東さんは、そんなに死んだあと執着しそうもないタイプなのにこの設定だったから、意外だったな。
モノとして世界を眺めるというのを小説として書きたかったというのが、基本的な動機なんです。生前の自分が執着のある人を、モノになって眺めてみる、それも、自分がいないという設定で眺めてみると、世界がずいぶん違う。
恋愛モードのなかでは、どうしても、それは死後の浮気の監視みたいなものにならざるを得ない(笑)。親子関係においては、それは見守るという言葉に無理ないですよ。生きてたって親ってそういうところがあるでしょ。なんかやたら大量の米やら野菜やらが届けられたりね。入れた覚えのない折りたたみ傘が鞄の中に入ってるとか。そうするともう、親が折りたたみ傘になって——生きてるんだよ、生きてるときの話なのに——かってに俺の鞄に飛び込んできやがって、みたいな感じで非常にうざいわけなんだけどね(笑)。
ふーん。
母親に雨が降るよって言われてるのに、うるせえんだよみたいな感じで出ていくじゃない、思春期頃っていうのは。だけど実際に雨とか降ってきて、見ると折りたたみ傘が入っていて、柄のところに俺の名前がでっかく書いてある(笑)。もう、ぶちんって切れそうになる。
切れそうになるんだ(笑)。
それはいちばん、現実に近いですよね。
じゃあ息子がいちばん大事なんだ。
その言い方には語弊が(笑)。
だって、ワンポイントにしぼらなくちゃいけないんだよ(笑)。家のヤカンとか柱時計とかじゃないんでしょ。
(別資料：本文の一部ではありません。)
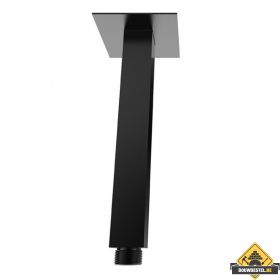 Wiesbaden luxe douche-arm vierkant plafondbevestiging 30cm mat-zwart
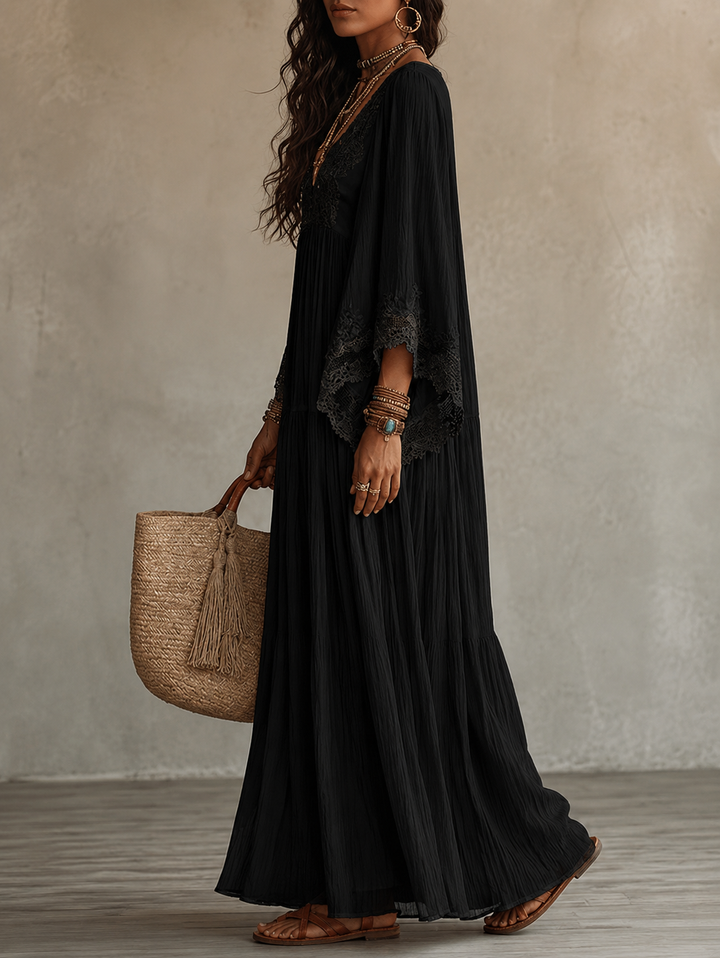 Annelis - Vestido maxi etéreo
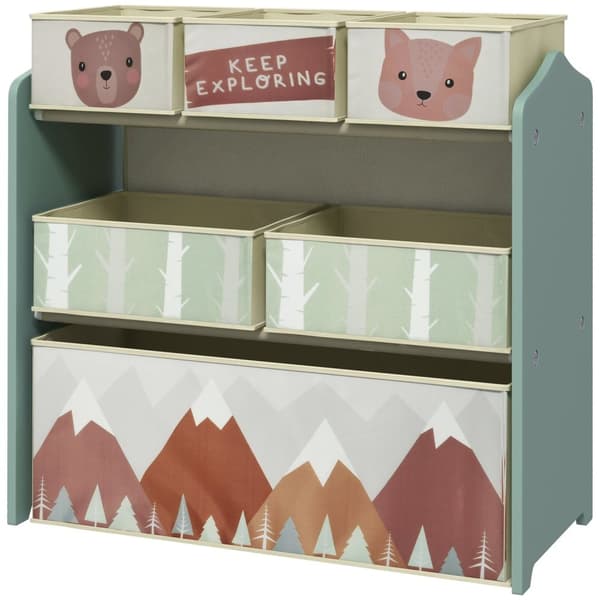 Rootz Children's Capboard - Kids Storage Unit - Nursery Organizer - Förbättrar organisationsförmåga - 63x30x66 cm - Grönt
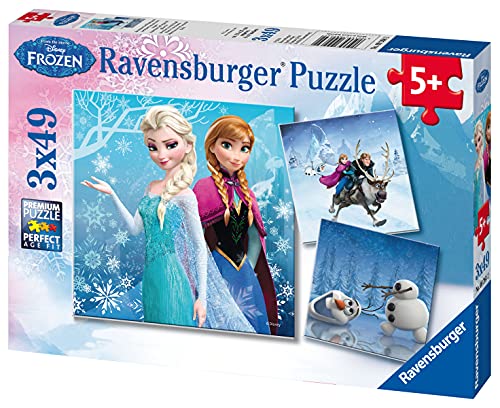 Ravensburger Puzzle 092642, Frozen, Puzzle 3x49 Piezas, Puzzle Niños, Edad Recomendada 5+ , Rompecabezas Ravensburger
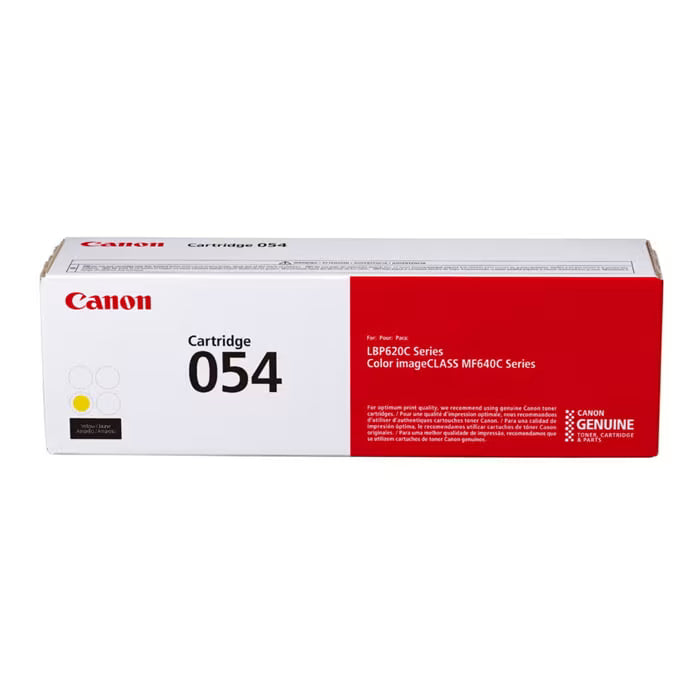 Canon 054 Yellow Original Toner Cartridge – Genuine Canon Laser Toner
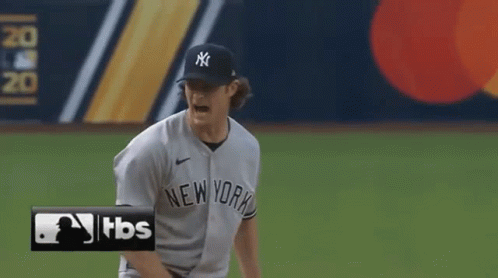 Yankees Baseball Player Standing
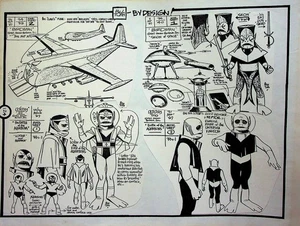 ALEX TOTH by Design 1995 Original Production Hand-Crafted Page Unique Layout - Picture 1 of 2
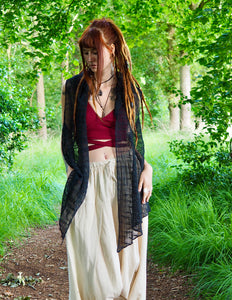 Gaia Boho vest Zwart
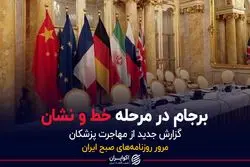 برجام در مرحله خط و نشان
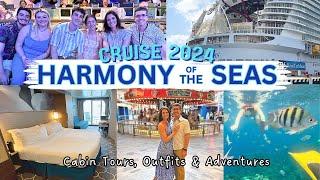 Harmony of the Seas 2024 Cruise Vlog Cabin Tours Outfits & EPIC Adventures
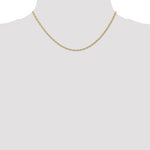 Lade das Bild in den Galerie-Viewer, 14K Yellow Gold 1.55mm Cable Rope Bracelet Anklet Choker Necklace Pendant Chain
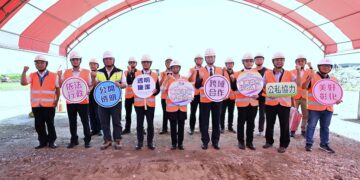 王惠美視察彰濱土方暫置區營運情形 宣示打造透明廉政平台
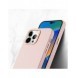 Dux Ducis Grit läderfodral för iPhone 14 Pro Elegant konstläderfodral (MagSafe-kompatibelt) Rosa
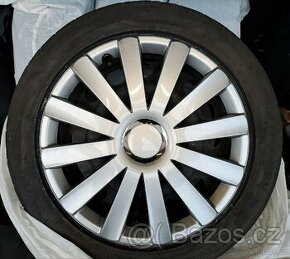 Plechové disky s letními pneu 225/50 R17 98V Peugeot 3008
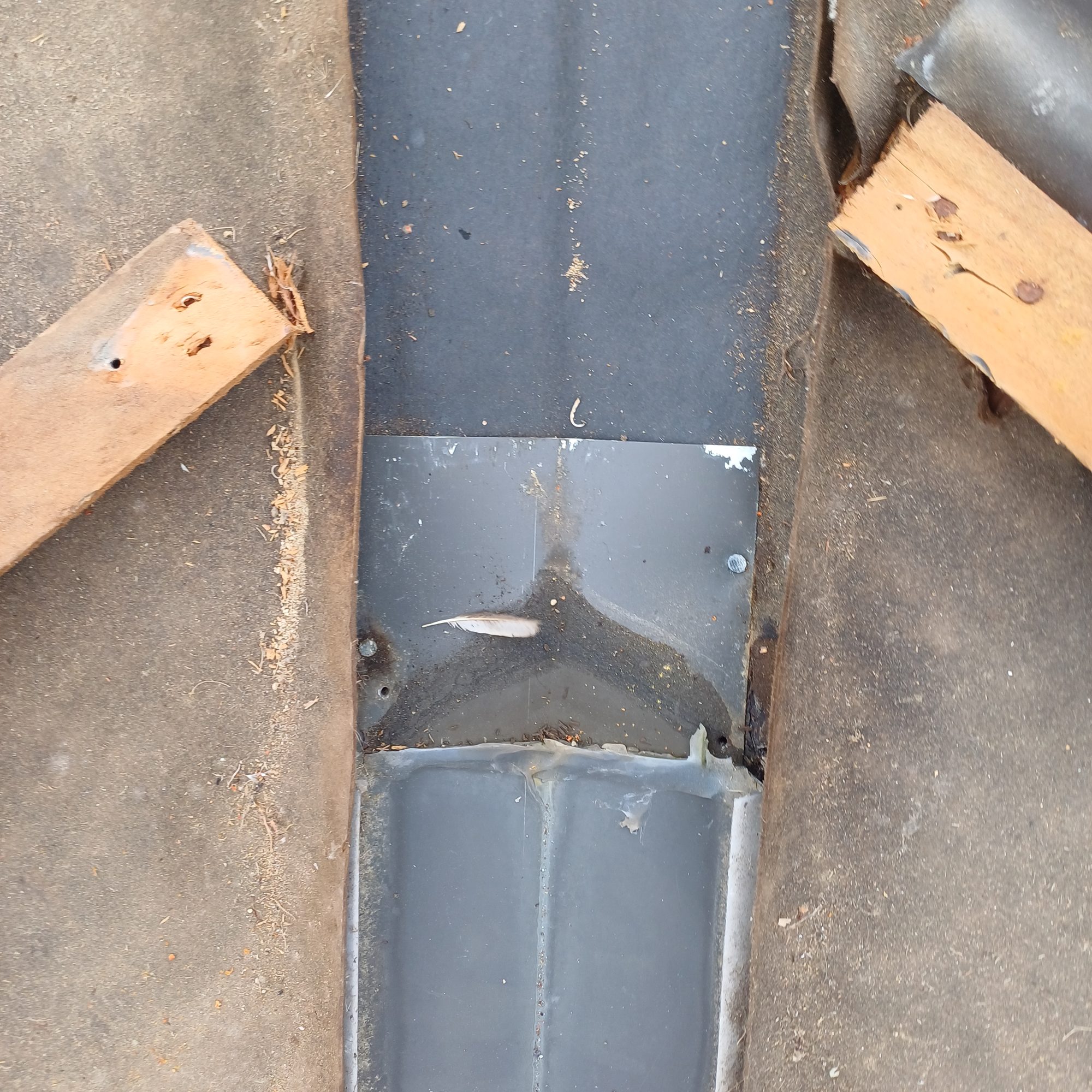 dirty old roof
まあ、その、「ロージン」のお母さんはあっさりしているから、長く居続けたくないと。で、夫にも行かない。
まあ、子どもの方がまだ不安だろうしね。
夫は大人だから大丈夫だろうと。
夫だと、見守るより見張るになるしね。
そうですね。夫の眼鏡を粉砕、じゃないけど、ぜったい本当によからぬものは見るんじゃないかな。穂村さんだって、奥さんに自分の眼鏡にとりつかれたらどう思いますか。
ここ、カットしてください(笑)。奥さんどころか、東さんにもとりつかれたくない。
わたしは、穂村さんにとりつくならいいかも(笑)。